# LE2 Flex Fuel?



## jblackburn (Apr 14, 2012)

Jerry's working on it for the LE2.

To my knowledge, it does not support it in its current state.


----------



## 5banger (Dec 9, 2016)

You'd need the ethanol sensor and all the tables are there ready in the tune.


----------



## CruzeTech (Mar 23, 2012)

I’m waiting on this, and a turbo replacement. [emoji108][emoji108]

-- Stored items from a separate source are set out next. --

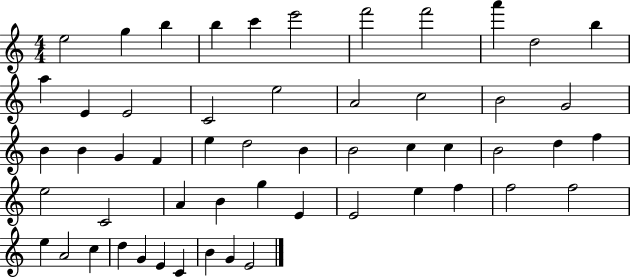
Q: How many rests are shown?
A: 0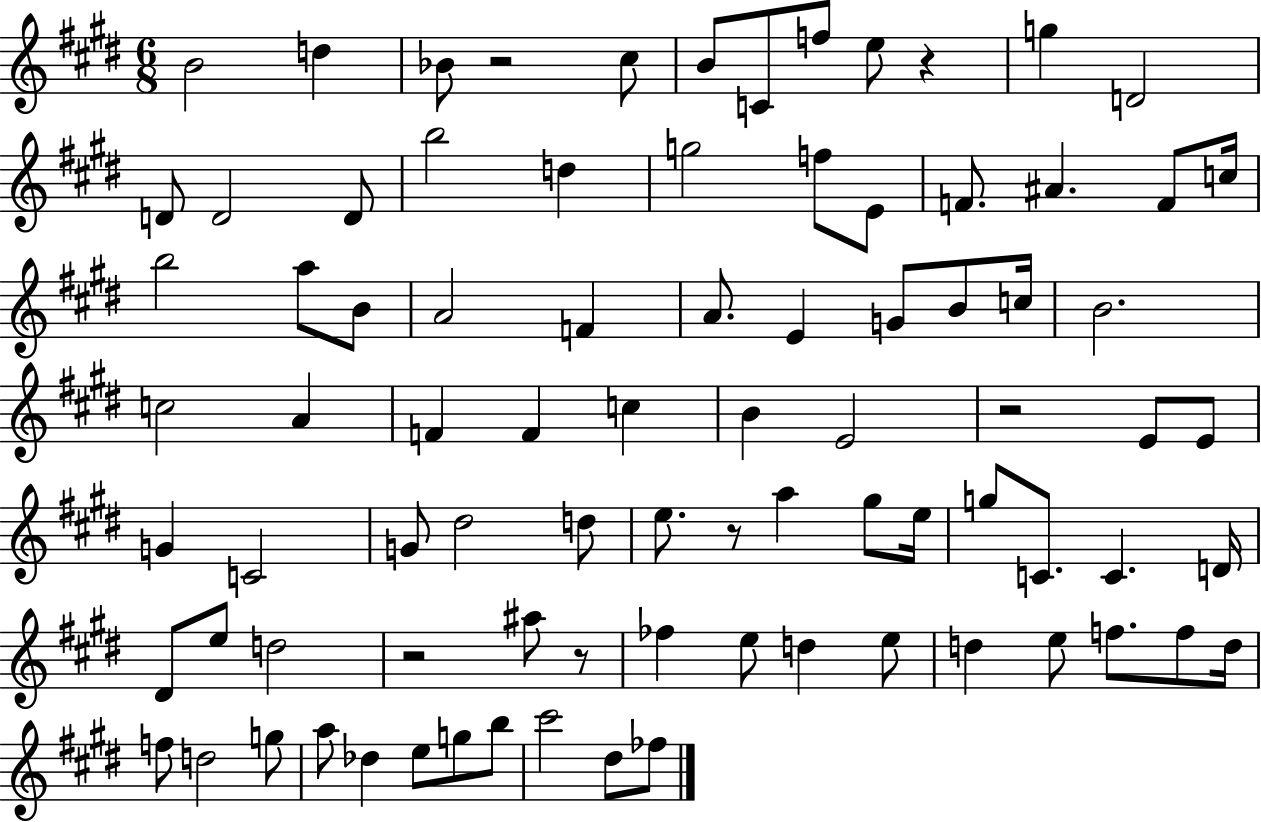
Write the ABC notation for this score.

X:1
T:Untitled
M:6/8
L:1/4
K:E
B2 d _B/2 z2 ^c/2 B/2 C/2 f/2 e/2 z g D2 D/2 D2 D/2 b2 d g2 f/2 E/2 F/2 ^A F/2 c/4 b2 a/2 B/2 A2 F A/2 E G/2 B/2 c/4 B2 c2 A F F c B E2 z2 E/2 E/2 G C2 G/2 ^d2 d/2 e/2 z/2 a ^g/2 e/4 g/2 C/2 C D/4 ^D/2 e/2 d2 z2 ^a/2 z/2 _f e/2 d e/2 d e/2 f/2 f/2 d/4 f/2 d2 g/2 a/2 _d e/2 g/2 b/2 ^c'2 ^d/2 _f/2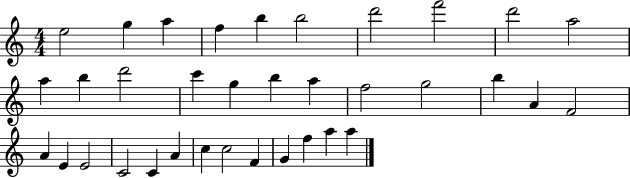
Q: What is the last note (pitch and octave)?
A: A5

Sent from my iPhone using Tapatalk Pro


----------



## [email protected] (Nov 12, 2011)

Yes the tables are there, and I have the pins for the ECM but so far we've had some issues with it. I'm still working on it though


----------



## Taxman (Aug 10, 2017)

Thanks, Jerry.


----------



## 12sws27 (Nov 23, 2017)

Im curious about this as well. What other vehicles are flex fuel and use the le2? Would it have to be a sensor from a vehicle that uses the same engine? Anyone got a pin out of a 2017 ecm?  what problems are you running into, Jerry?


----------



## 12sws27 (Nov 23, 2017)

Im curious about this as well. What other vehicles are flex fuel and use the le2? Would it have to be a sensor from a vehicle that uses the same engine? Anyone got a pin out of a 2017 ecm?  what problems are you running into, Jerry?


----------



## AlaskaCruze’n (Apr 23, 2020)

Bump any word on this?


----------



## Taxman (Aug 10, 2017)

I asked for a flex or even just a straight E85 tune when I bought from Jerry at the end of 2018 and he said he couldn't do it.

But that might have changed in the last two years.


----------